Mongo and I, and 2 of our sons, Mark and Paul, drove to Scranton, getting there the afternoon before the next-day burial, so we decided to drive around Mongo’s old home town of Scranton, PA. It was nice. Our hotel was on a bluff overlooking the city, a bluff now covered with all the big, glittering businesses of our country; Staples, Barnes and Nobel, Home Depot, Sears, Wal-Mar, restaurants —everything. But fifty years ago Mongo drove me to that very same bluff in Papa’s 1948 black Mercury. The land there was empty then, and it’s where Mongo gave me my tiny engagement ring that night in that black Mercury.
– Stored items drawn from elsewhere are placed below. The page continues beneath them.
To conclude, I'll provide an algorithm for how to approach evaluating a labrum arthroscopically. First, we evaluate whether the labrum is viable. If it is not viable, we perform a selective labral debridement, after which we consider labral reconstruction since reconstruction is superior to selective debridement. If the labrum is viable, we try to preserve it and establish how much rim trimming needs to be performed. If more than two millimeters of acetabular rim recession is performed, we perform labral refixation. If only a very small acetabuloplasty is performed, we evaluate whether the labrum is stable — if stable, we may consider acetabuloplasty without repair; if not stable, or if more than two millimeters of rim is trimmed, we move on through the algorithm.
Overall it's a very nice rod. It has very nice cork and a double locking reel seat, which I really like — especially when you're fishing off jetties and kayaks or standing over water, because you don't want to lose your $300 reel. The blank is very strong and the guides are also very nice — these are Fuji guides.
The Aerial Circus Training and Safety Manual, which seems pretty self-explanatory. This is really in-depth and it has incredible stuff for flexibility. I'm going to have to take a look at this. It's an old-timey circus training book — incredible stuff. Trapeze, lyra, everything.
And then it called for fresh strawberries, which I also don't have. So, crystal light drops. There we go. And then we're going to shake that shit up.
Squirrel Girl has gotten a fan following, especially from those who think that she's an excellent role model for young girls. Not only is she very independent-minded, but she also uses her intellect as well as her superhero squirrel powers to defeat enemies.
We could see slag heaps off in the distance, small clusters of blue flames dancing all over them. They, and my new ring, were beautiful to see. His mother, named Marion, (we called her Mamavan) gave Mongo her own engagement ring for him to give to me which he had reset, and I wore it the next day when we buried Papa, when we said goodbye to both of his parents forever. They now rest next to each other in a beautiful cemetery in Clarks Summit, PA.
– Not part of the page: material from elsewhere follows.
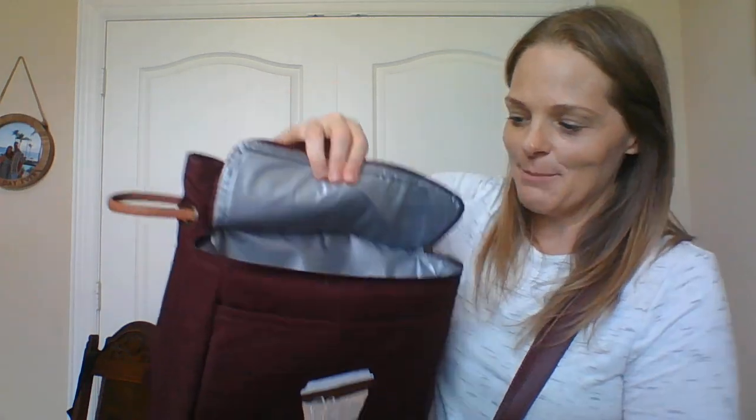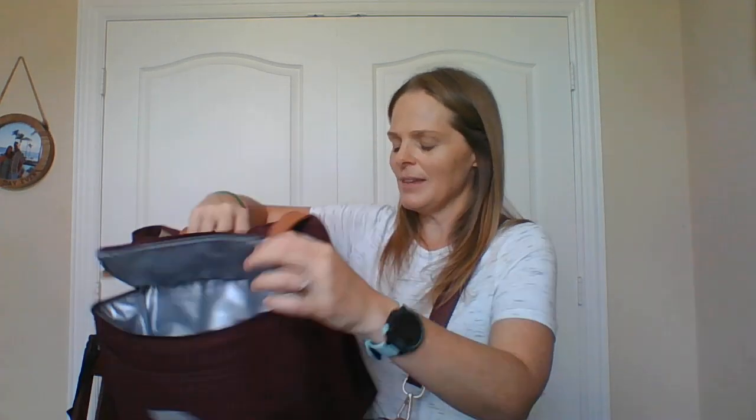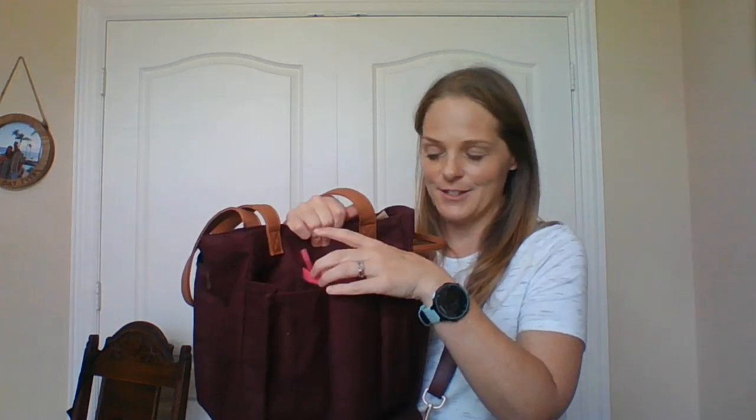Right here in this front pocket, it is thermal. So this is where you can put your fruit, your vegetables — if you get jars of jelly, whatever it is you want to keep cold, it can go in this front pocket. And then on the back side are three pockets. You can stick in maybe a Tervis, you can put in your wine bottles that you grab, water bottles, whatever it is — there are three slots right there, which I think is so genius.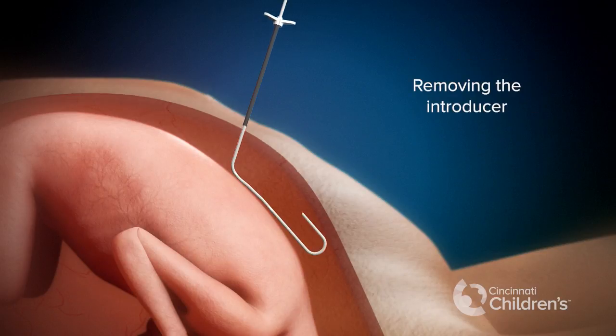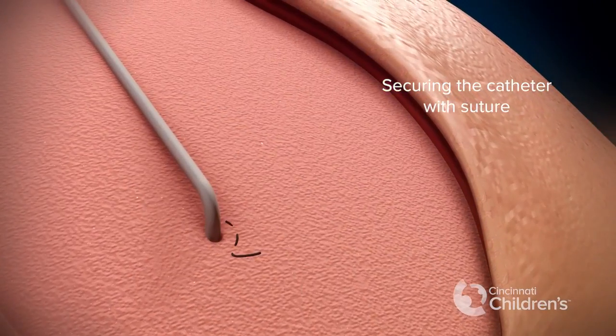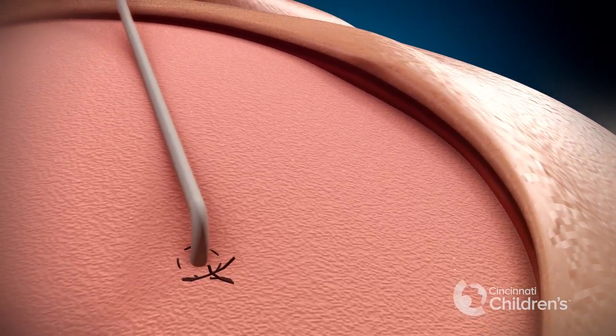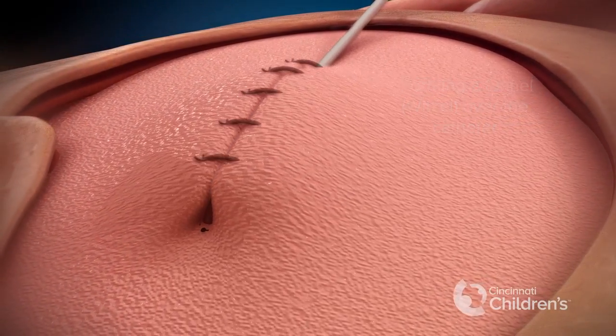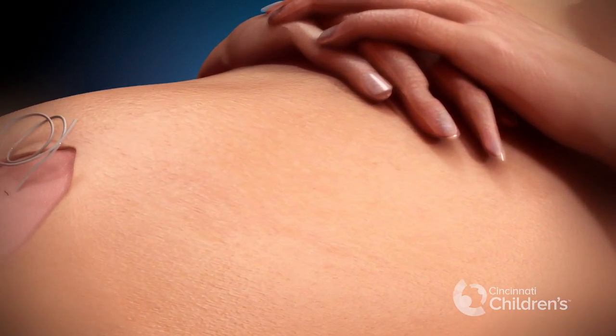The introducer is removed. The catheter is first secured to the uterus using a purse string suture. Following the purse string suture, the uterus is folded over the catheter for a length of about five centimeters. This is similar to a Witzel tunnel used in other operations.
Early that evening as Mongo drove us around his old haunts, we saw that those areas of Scranton were unchanged, shabby, and constant, representing the very best and strongest of America. It was a strange, weird time-warp and we could almost see exactly how Scranton had been when Papa and his family lived there. We saw Mongo’s unchanged high and junior high schools and the places where he’d worked and played, hiked and boy-scouted as a kid, all some distance from his homes, all walkable or bikable. (Mongo never owned a car until after we were married.) He showed us homes that had at one time begun to sink into the ground from being built on top of the miles and miles of coal mines below. He drove us under a small cement arched bridge, the same one he and I had driven beneath when we were engaged, and he honked and the sound echoed just as it had back in the 1950s when he told me to make a wish. He said it would come true. It did.

Papa had hand-built a tiny house for his family on Dean St. right between 2 sets of railroad tracks. The small family eventually settled away from that noisy location and moved up in the world to an old two family home on Wood St. and we saw that too, unchanged from when Mongo was a boy, as was the next two-family tiny home on Spring St. the place where Mongo and I, in 1963, brought our two babies, Erick and Mark, when we came home from the army in Germany. The kitchen stove burned wood and Mama had a wringer washer that crashed and bounced all over the kitchen while in use. It was comfortable there, small and tight, safe and good. Two bedrooms. One bath. Home.

And then on to the bigtime---the town of Chinchilla--- where Mama and Papa moved to a big house with an apple tree and a steep sleddable lawn out back, and a garage, a home large enough to accommodate the 5 grandchildren rapidly arriving in the 1960s. Pure luxury for them and perfect for all of us. It was the largest and best home they’d ever owned, and they didn’t have to share it with a family on the other side.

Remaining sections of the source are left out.